=== Record excerpts ===

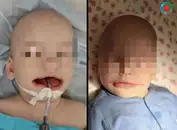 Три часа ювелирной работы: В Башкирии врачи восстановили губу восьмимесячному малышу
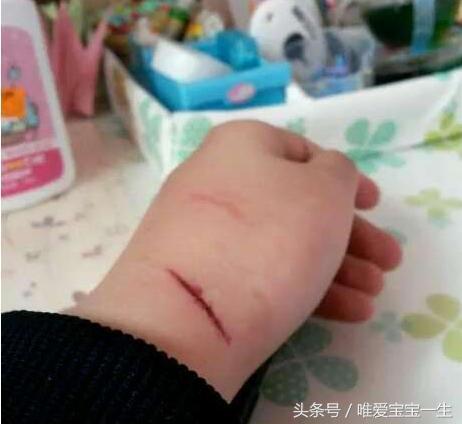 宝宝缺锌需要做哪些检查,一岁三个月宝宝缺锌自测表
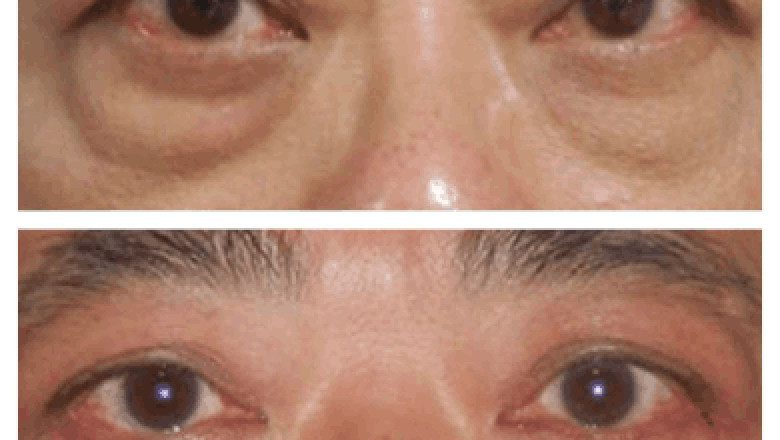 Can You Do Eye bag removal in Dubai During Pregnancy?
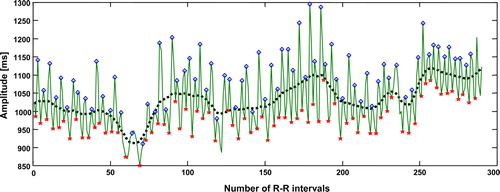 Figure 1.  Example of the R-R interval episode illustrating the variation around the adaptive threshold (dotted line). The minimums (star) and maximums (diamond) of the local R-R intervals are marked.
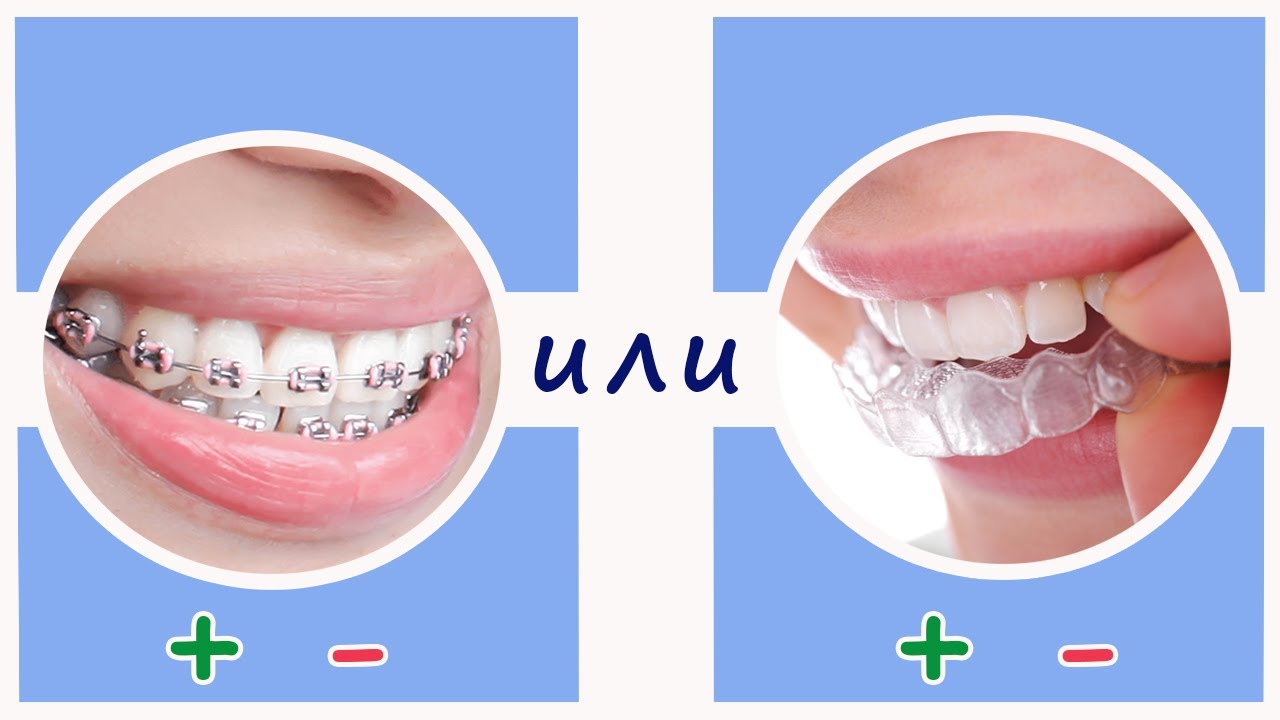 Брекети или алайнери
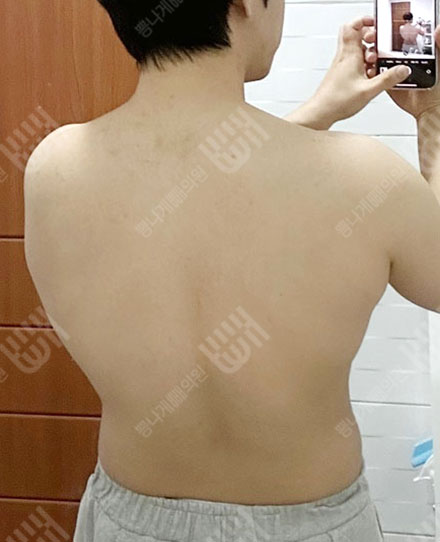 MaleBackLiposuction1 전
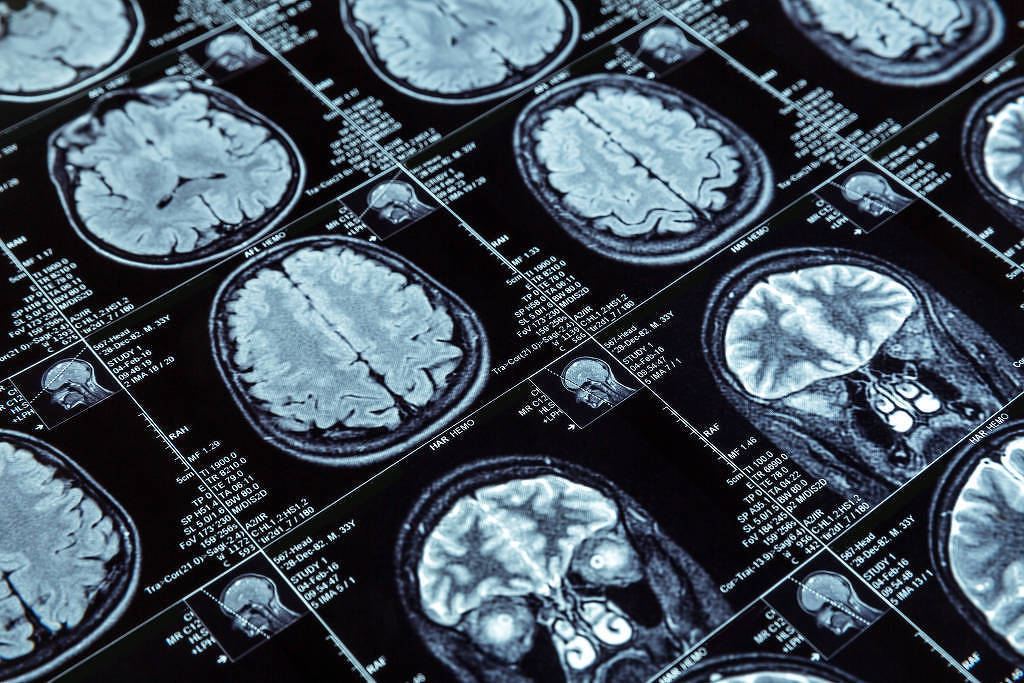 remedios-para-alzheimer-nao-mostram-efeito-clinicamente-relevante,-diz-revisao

===
=== Record excerpts ===

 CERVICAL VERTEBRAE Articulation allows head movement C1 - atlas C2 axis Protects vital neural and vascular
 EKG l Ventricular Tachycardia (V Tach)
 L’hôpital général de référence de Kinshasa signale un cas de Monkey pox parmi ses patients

===
=== Record excerpts ===

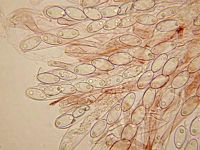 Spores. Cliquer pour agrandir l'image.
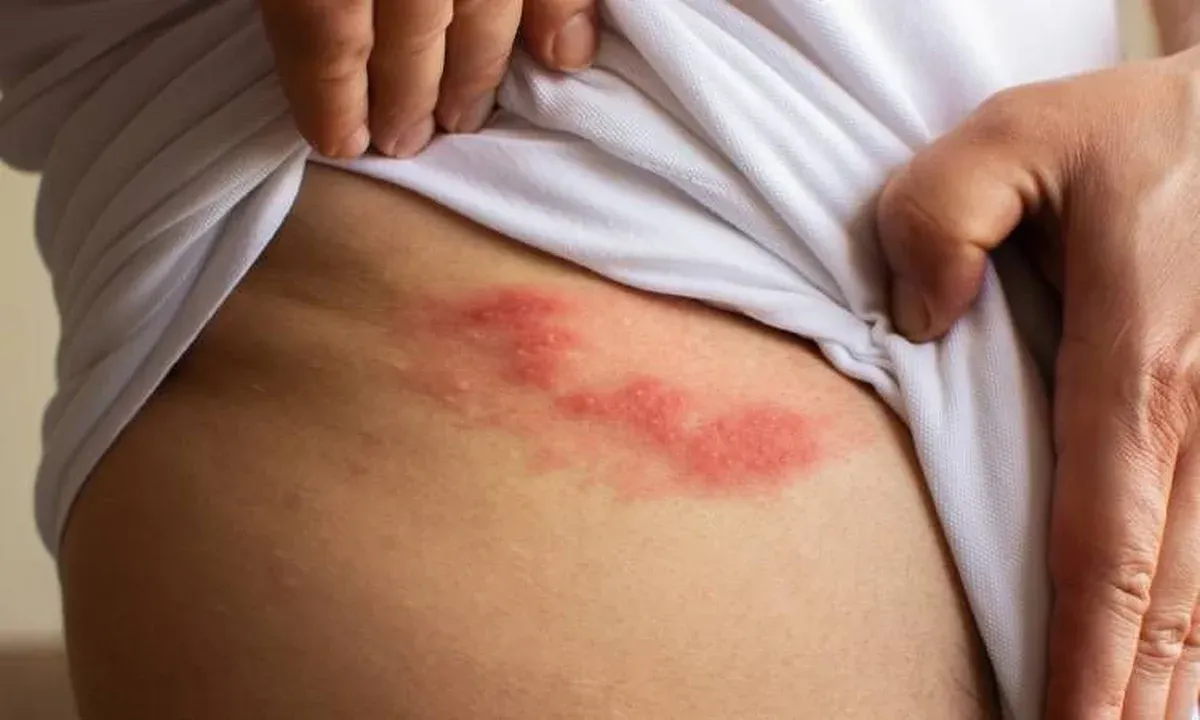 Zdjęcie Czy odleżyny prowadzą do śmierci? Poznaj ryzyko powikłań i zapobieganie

===

Activity
Copy out the lines above from the line containing "Три часа ювелирной" through the line containing "MaleBackLiposuction1 전", exactly, and keep the pictures out.

Response below
 Три часа ювелирной работы: В Башкирии врачи восстановили губу восьмимесячному малышу
 宝宝缺锌需要做哪些检查,一岁三个月宝宝缺锌自测表
 Can You Do Eye bag removal in Dubai During Pregnancy?
 Figure 1.  Example of the R-R interval episode illustrating the variation around the adaptive threshold (dotted line). The minimums (star) and maximums (diamond) of the local R-R intervals are marked.
 Брекети или алайнери
 MaleBackLiposuction1 전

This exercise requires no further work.